I'm finding it tricky to balance giving myself time and mental space to mourn this defeat with my impulse to start thinking about how to respond.  The first is a necessity, and I don't think I'll be able to think as clearly as I need to until it happens.  So forgive any fragmentation or randomness in what follows; like many of you, I'm still reeling.

My first Pollyann-ish impulse is to say that there's comfort in knowing that so many people are feeling as down as me - but isn't there also something disorienting about the collective sense of helplessness?  It is as if we were all just in a car crash, and are still too disoriented to help anyone else from the accident.

Obviously a big part of this is the sheer unexpectedness of the Trump win.  We are so used to the polls being right and to the basic fact that true surprises are few and far between in our politics.  And of course we have had plenty of time to get scared about what a Trump win would entail.  

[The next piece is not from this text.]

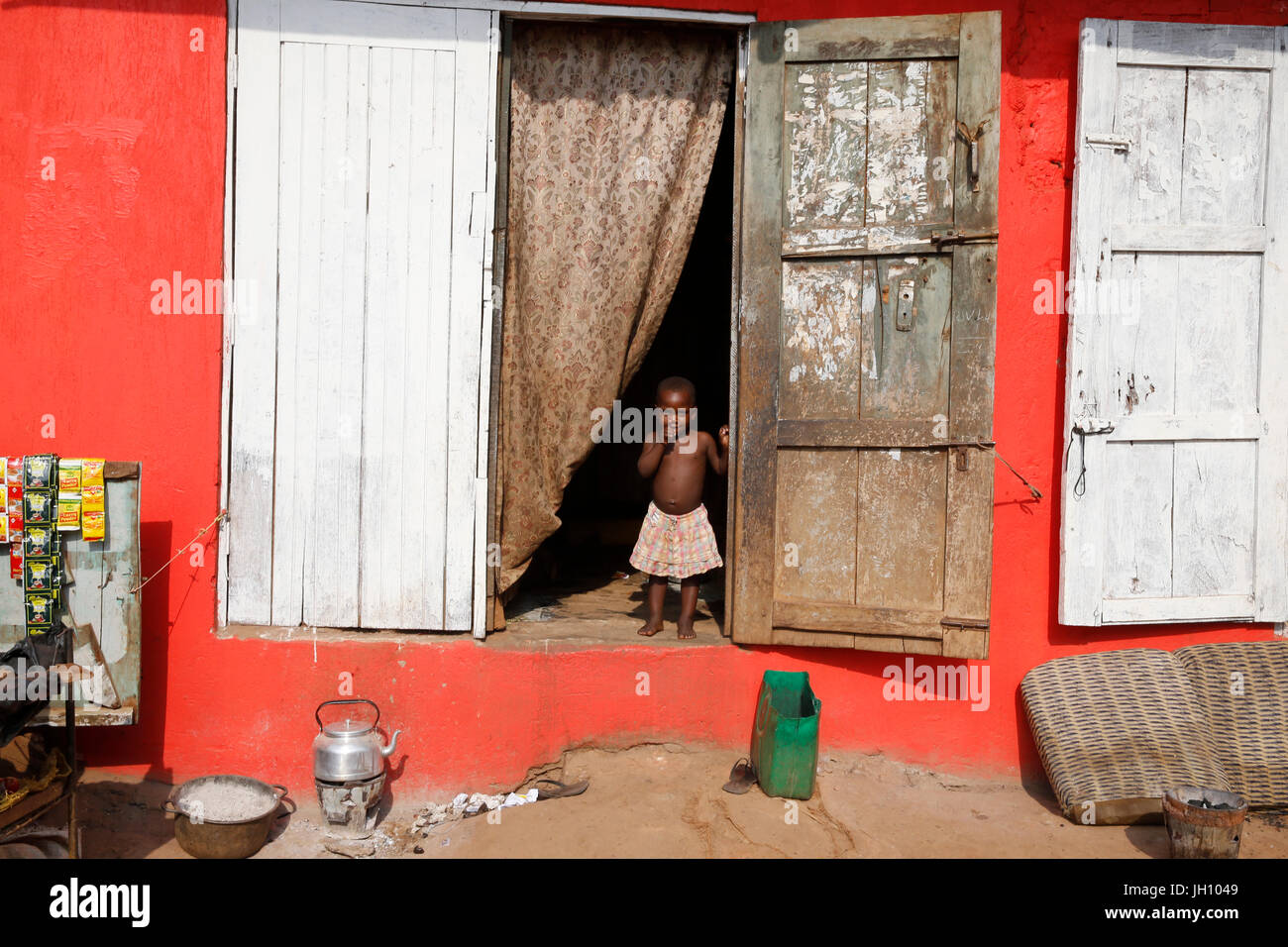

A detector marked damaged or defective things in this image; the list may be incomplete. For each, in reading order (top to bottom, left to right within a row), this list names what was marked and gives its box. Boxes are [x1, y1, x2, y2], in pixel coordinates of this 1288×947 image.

rusty bucket [1159, 783, 1246, 860]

I have a sense of having passed through some invisible portal into a cartoonish upside-down universe where the usual physical rules no longer apply.  This is not a great place from which to fashion a response to what is most definitely a contest in our regular old world.  For me, and I suspect for many others, one of the most important steps will be to fully accept and internalize this awful reality in order to combat it.

 

#majorityrules

Like many millions of people today, I'm suffering the emotional effects of the whipsaw upending of expectations that has turned a greyish political future into something that seems ominous and tormenting.  Watching the results at a public venue last night, my initial exultation as I settled in for what I thought would be a tense but victorious romp by Hillary Clinton turned into a wholly unexpected sensation: that of being a rat caught in a maze designed by a sadist, moving east to west in search of a diminishing path of electoral votes that never materialized, switching desperately between the projected newscast and my smart phone, drilling down to county levels, searching for those urban votes that would turn this thing around, in my rodential stupor believing I was somehow still in control of my fate that night, until finally I was stared into a metaphorical and literal wall of red, having the random and inaccurate thought that I was staring into the eye of Sauron (I now realize whose bloodshot eye I was really seeing).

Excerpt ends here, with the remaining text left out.